Intro: The Flower Tower
There are already several versions of this project on instructables. My wife saw them and wanted me to make her one, so this is my version of how I put the "Flower Tower of Pots" together. This is my very first instructable, so please bear with me as I struggle through this!
Step 1: Gathering the Pots
I started out with six regular sized flower pots, one large flower pot, and one catch pan for the large pot. I would highly recommend doing some light sanding on any of the rough areas on the pots. I didn't do this and regretted it later as I wanted a glossy surface, however, some of the rough areas came out dull.
Step 2: Base Coat of White Paint
Paint all the pots high gloss white. You can see in this photo, that I should have realized the rough spots weren't going to give me a high gloss finish. So, once again, I suggest you go over those with some sandpaper prior to painting them white. Allow plenty of time for this paint to dry.
Step 3: Making the Polka Dots
I used some large 2 inch circle labels and applied them randomly all over the pots. Make certain you smooth out the label "dots" onto the surface of the pots.
Step 4: Painting Each Pot
I then painted each pot it's own unique color. I applied several coats of paint allowing the pots to dry in between each coat. I painted both the outside and the inside of the pots. Painting over the label circle dots as I went.
Step 5: The Polka Dots Come Alive
Once I applied several liberal coats of paint to the pots, I'd remove the stick on labels to reveal nice large white polka dots on each pot.
Step 6: Drilling the Hole for the Base
I took the bottom catch pan, placed it upside down, then put the large pot on top of it and centered it on the pan. Using a felt tipped permanent marker, I marked on the pan, where the original drain hole in the large pot ended up on the pan.
Using a 3/8" masonry bit, I slowly drilled a hole through the bottom, center of the catch pan. I kept the surface I was drilling wet the entire time I was drilling, applying very little pressure the entire time. I continued to clean out the hole, using fresh water. The key to keeping it from cracking is to apply very little pressure and keeping it wet.
Once this is all put together, the bottom pan will remain upside down. This is to allow space for the connecting rod and nuts, underneath the large pot.
Step 7: Painting the Base
Paint the bottom catch pan the desired color, applying several coats. Paint both sides of the pan.
Step 8: Applying the Clear Coat
I removed all the circular labels from the pots and painted all of them with several coats of glossy clear.
Because I had let the pots sit out in the heat of the day, the labels were stuck on the pots fairly well. I had to use a heat gun to heat up the labels to get them to peel off without pulling apart. If you use this method to remove the dot labels, be careful about overheating them as they will brown the white surface underneath.

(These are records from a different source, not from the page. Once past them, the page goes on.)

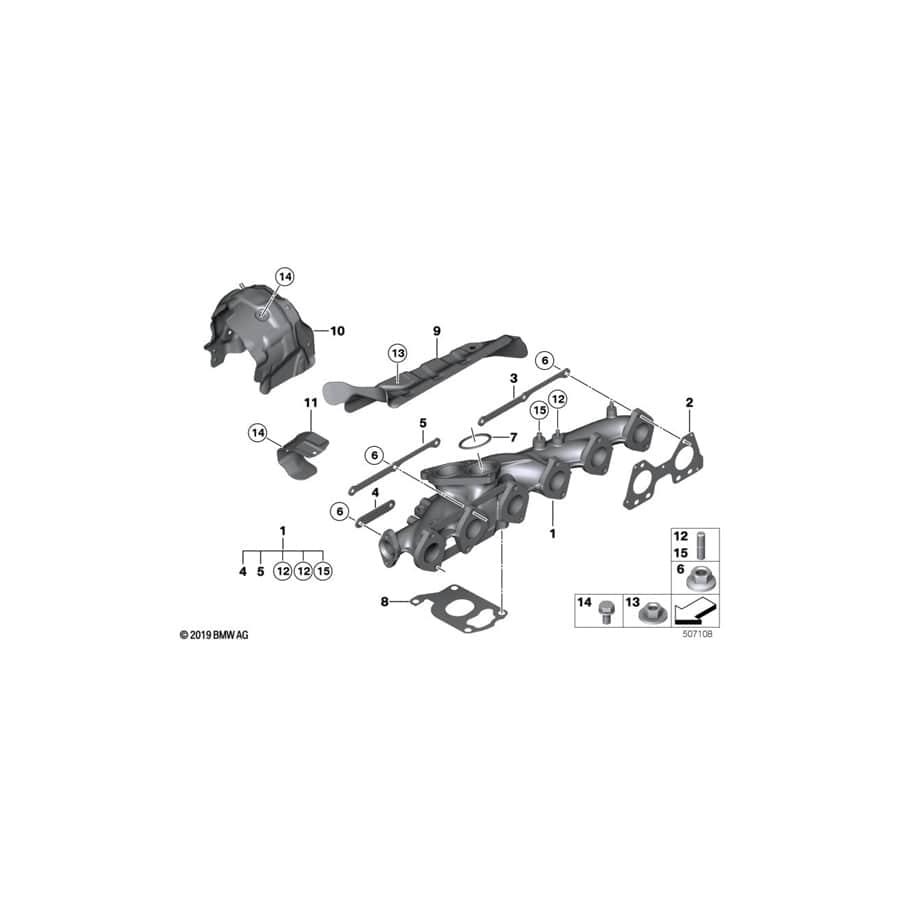Genuine BMW 11628594638 G14 G30 G16 Exhaust Manifold/Cylinder Head Gasket (Inc. 640dX, 540dX & 840dX)
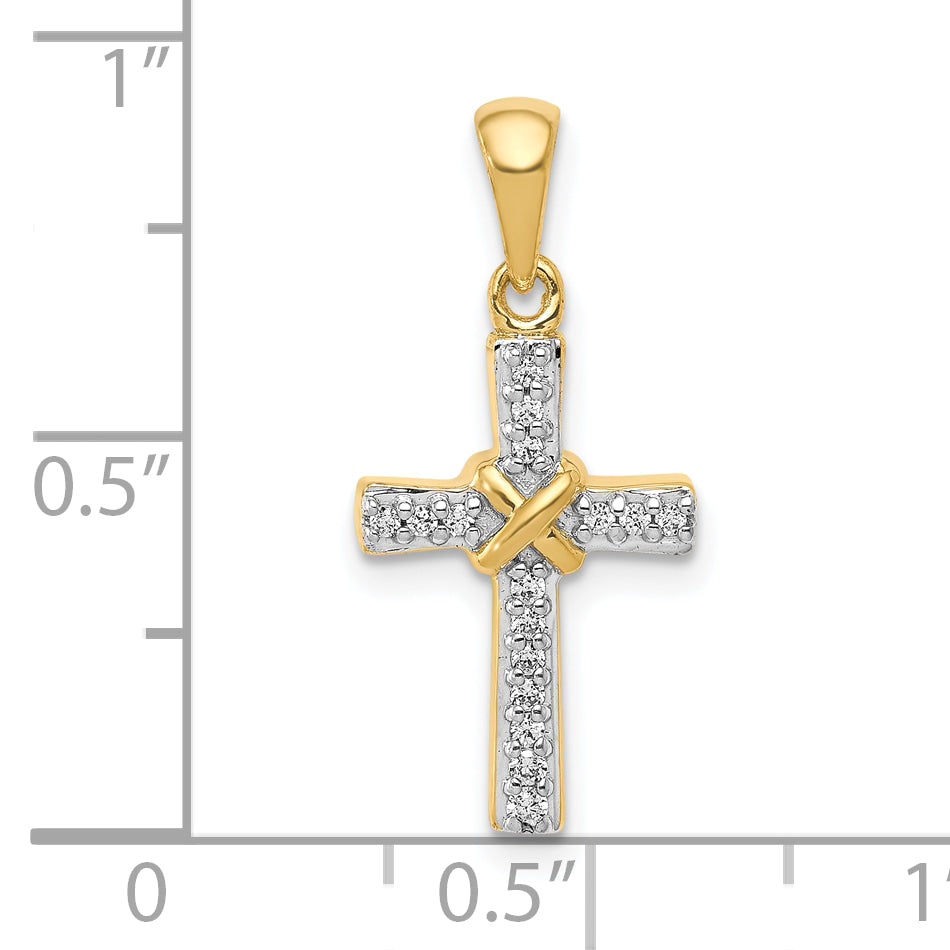 10K Yellow Gold 10K 1/6Ct. Diamond Latin Cross Pendant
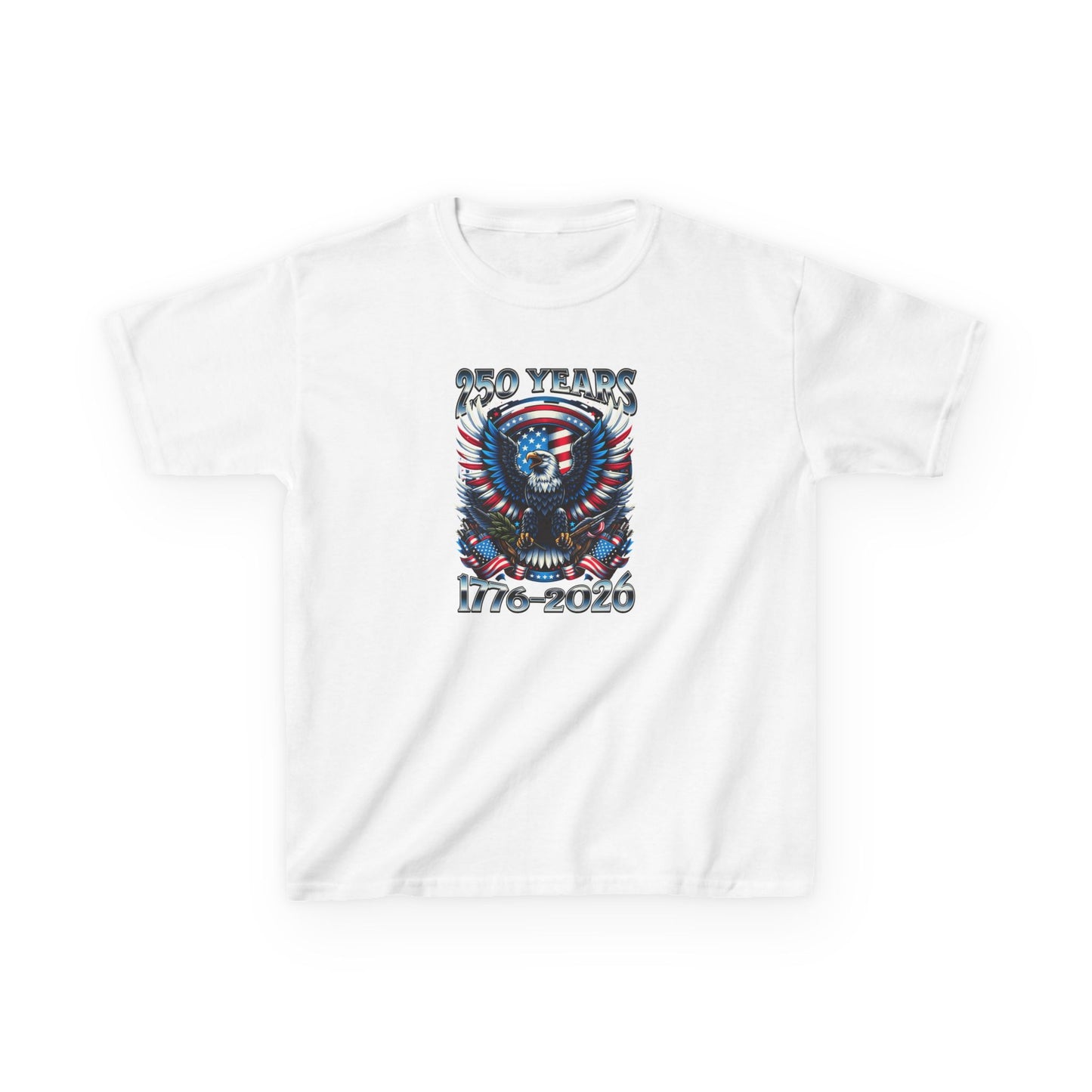 White t-shirt with a graphic design featuring an American flag and text on a white background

Step 9: Putting Together the Support Rod
I used a 3/8 inch, by six foot section of all thread (threaded rod) to form the center shaft that will hold the whole thing together.
On the bottom I used a large flat fender washer along with two nuts to make a tight bottom piece.
I pre-painted the washers, nuts and shaft flat black during each step to hopefully slow the corrosion and deterioration of the metal parts .
Step 10: The Nuts and Washers of It All
I wanted to make certain there was a gap at the bottom of the large pot so that water could drain. I also wanted to add some stability at the bottom of the large pot for the upright rod. I found an old piece of "C" beam in my scrape metal that already had a hole in it the right size. So, using an angle grinder, I cut it down to the correct size. I also painted it flat black to hopefully keep it from rusting too fast. I painted over each connection as I went with flat black paint, trying to put off the rust as long as I can.
Step 11: Trimming Down the Rod
I ran another nut and washer down the rod from the top to about the level where I anticipated the level of dirt would be in the bottom pot. This was so I could stack the pots onto the rod to get an idea of where to cut off the excess rod coming out of the topmost pot. This nut and washer acted as a stop for the bottom most small pot.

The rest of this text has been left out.